Fury's finger tapped the arm of his chair—a metronome. "You say the gourd can drown eight hundred men. You say the cube is a power source. Tell me everything you know about it, and maybe we'll talk laboratory time."

Li set the gourd on the coffee table like a peace offering and recited what he'd already hinted at: fragments from old missions, Hydra's appetite for anomalous tech, the way the cube behaved in zero-g and the way the Sanctum had circled like quiet predators whenever it had been mentioned.

Fury listened. He did not smile. When Li finished, Fury named the inevitable follow-up: formal oversight, strict security, documented results.
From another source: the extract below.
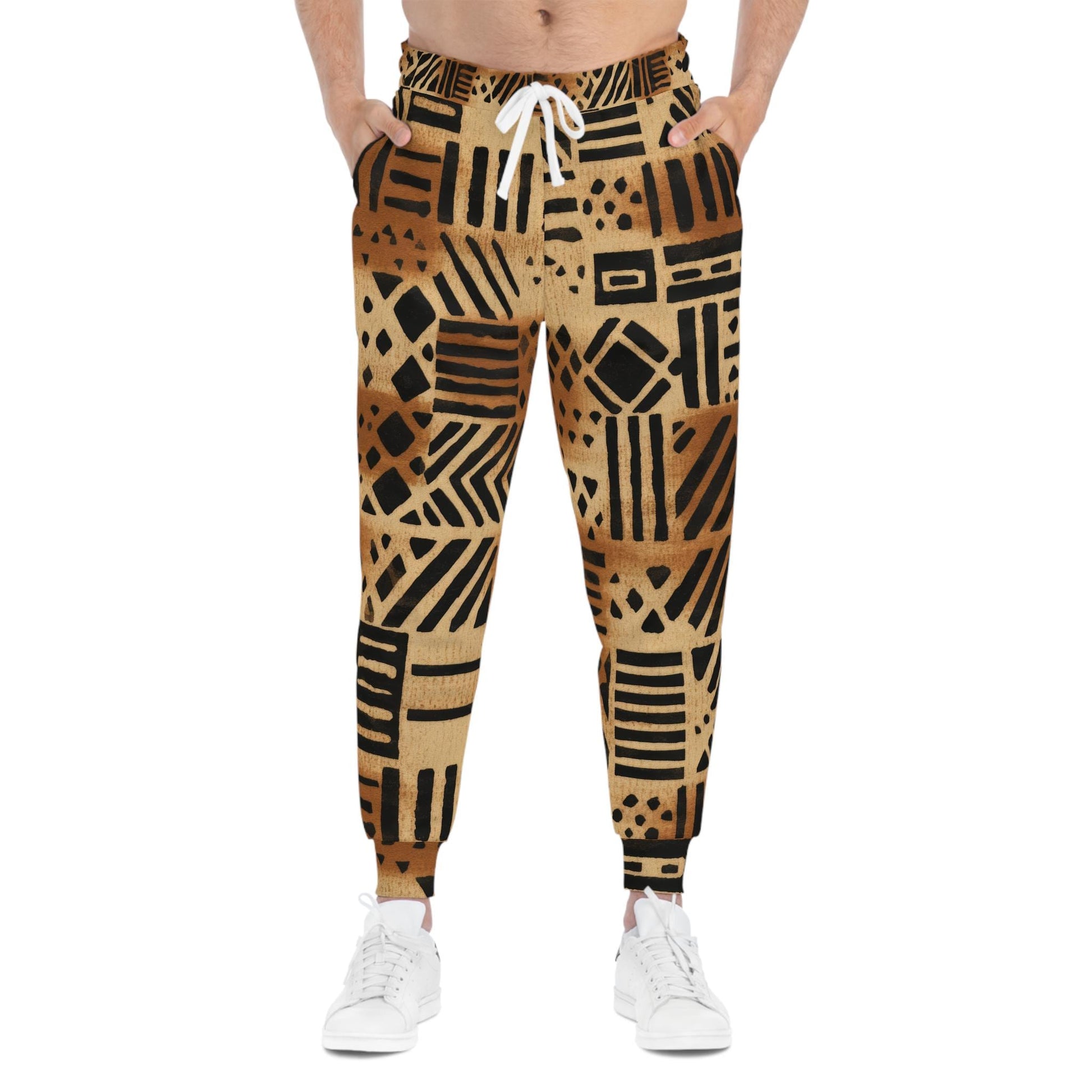 Neutrals -  Mens - Athletic Joggers - African - Mud Cloth Pattern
If Li wanted access, it would be on S.H.I.E.L.D.'s terms.

Li agreed—reluctantly, like a man conceding a chessboard position while plotting the next trap.

They shook on it in the only way men like them could: not with a handshake, but with the exchange of information that would bind both of them. Fury would make channels, secure a lab, and watch like a hawk. Li would bring his skills, his arcane knowledge, and the gourd. And under the fluorescent lights of the Triskelion, they both understood the same thing: an uneasy truce had been struck—one that would rearrange loyalties, re-open old wounds, and pull both of them deeper into a game that had no clean edges.